Rachel Brumfield can be seen racing anything from the Resolution Run to Eleven Miles to Paradise, but also likes to explore and spends time in the mountains during the summer. You can follow her adventures on instagram @rachbrums. As a 2017/2018 RErun she tested the Orb recovery tool and gave us her thoughts.
As someone who has just recently begun using a foam roller, I was a little skeptical of what added value the Orb would bring. But, I’m lucky I was testing the Orb this month – because it really came in handy.
I’ve embarked on the Runner’s World Run Streak – running at least one mile per day from Thanksgiving to Christmas. Sounds simple, right? But I never took into account how I bank on that day or two off each week. Whether it’s a schedule that’s filling too fast or weary legs – I’ve found the streak to be just what it’s intended to be: a little holiday-themed challenge.
One day early on, I was coming off a few harder days of running and my hamstrings had really locked up. Every step was painful, but I could tell it was just a hamstring that refused to turn off. I was ready to give the hammy a rest, but could not give up the streak (especially since I’d committed to do it with a few friends!). Foam rolling wasn’t cutting it, so I tested the powers of the Orb.

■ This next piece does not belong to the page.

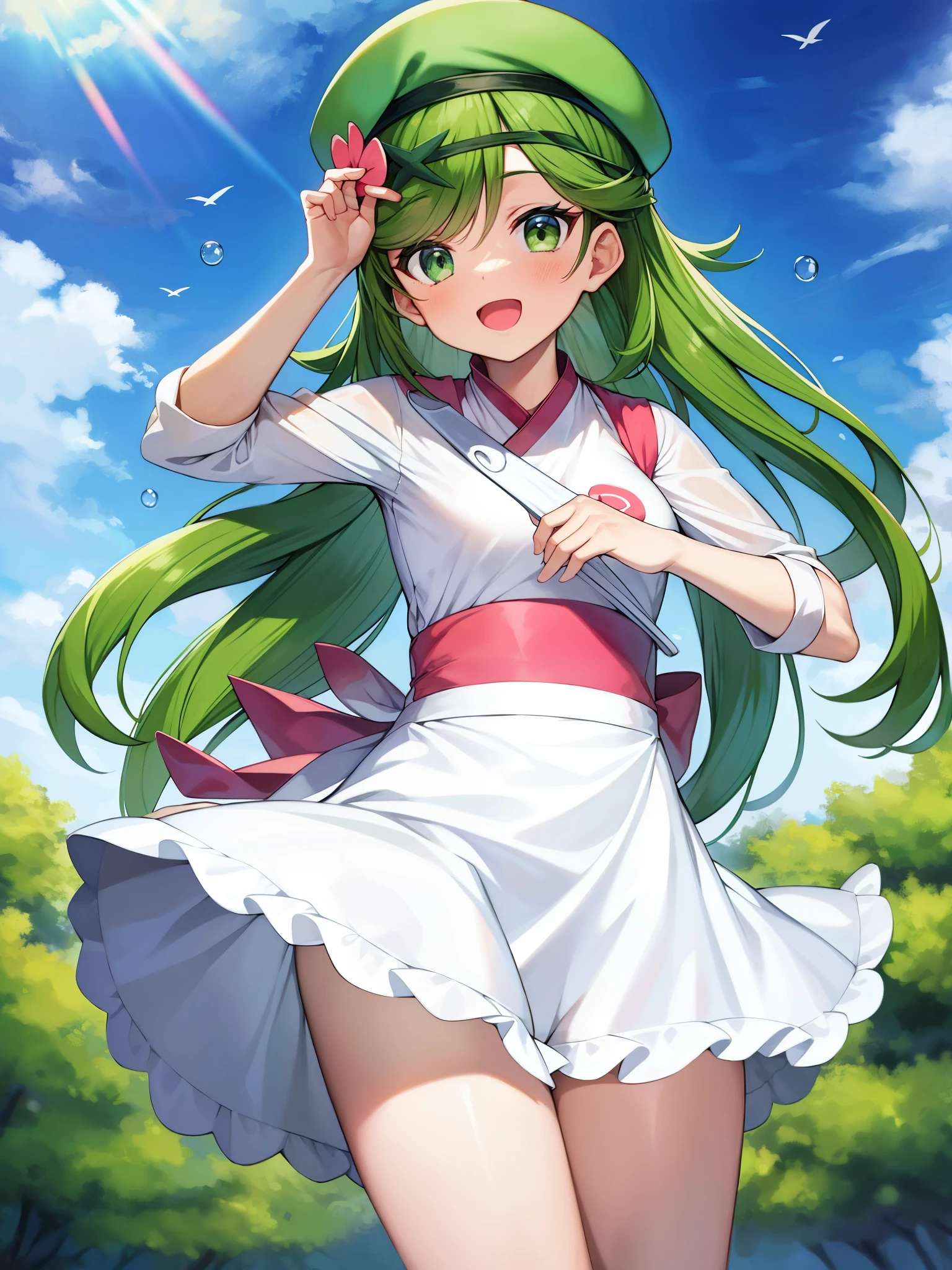 Pokémon、forest林浴、Mao、green hair、sneakers、forest、、beret、Chef Uniform、white shirt、long sleeve、apron、red skirt、flower decoration on head、元気に跳ねた二つ結びの長いgreen hairが特徴的。The proof is a badge on the waist like a water lily.（（（Girl with brown skin）））+++、（（（Girl with brown skin）））+++、（（（Girl with brown skin）））+++、grass type captain、（（a good-tempered chef））++、「green」「clear」「Rain is stop」「the sky clears up」「Alleviates sadness etc.」「overcome sadness etc.」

And, it actually worked! I sat on a chair, using the Orb as I often do a lacrosse ball: placing the ball under a tight spot on my hamstring and slowly raising and straightening, then bending my leg. Every minute or so, I moved the ball to another spot on the tight part of my hamstring. Then I rolled along the entire muscle, pausing on spots that still felt tight. After about 20 minutes, the muscle was loose enough to run a mile without pain.
With that uplifting anecdote in mind, you may be wondering what is the Orb and what makes it so different from a foam roller? “I foam roll all the time,” you might say – “Why would I need a little massage ball?” Here’s what I know:
How is the Orb different from a foam roller?
For starters, it’s a ball. It’s about 4.5 inches in diameter and covered in a bumpy texture. Made out of a dense foam, it’s firm but has just enough give to keep the pain level to a “good hurt.” I’d say it’s more intense than a foam roller, as the pressure is centralized rather than spread out over a larger area.
It differs from a lacrosse or tennis ball in that it’s slightly larger and is less painful to roll across very tight/angry muscles. Similar to a foam roller, it provides necessary myofascial release – but the Orb allows for multi-directional rolling. (With a foam roller you have to re-position the roller and your body. With the Orb, you can simply roll over to a new spot).
What are the Orb’s special powers?
The Orb sounds to me like some sort of powerful weapon out of a sci-fi movie, not a running tool. And for runners, it kind of is a powerful weapon against tricky tight muscles.
One of my favorite features is that it’s very packable. While a foam roller is hard to stick in the corner of a bag, the Orb tucks easily into a carry-on or the bottom of a gym bag.
Also, it’s really great for getting those tricky problem spots – namely the IT band, hamstrings, calves and quads. I use it on my hamstrings and calves frequently with consistent success.
Is it worth it?
A month ago I would have told you no, just stick with the foam roller you already have. But since the hamstring incident, I definitely see an added benefit. Plus, it’s very reasonably priced – about $25 for the “extreme” model – so it’s worth it even if just as a travel-sized option for the new year.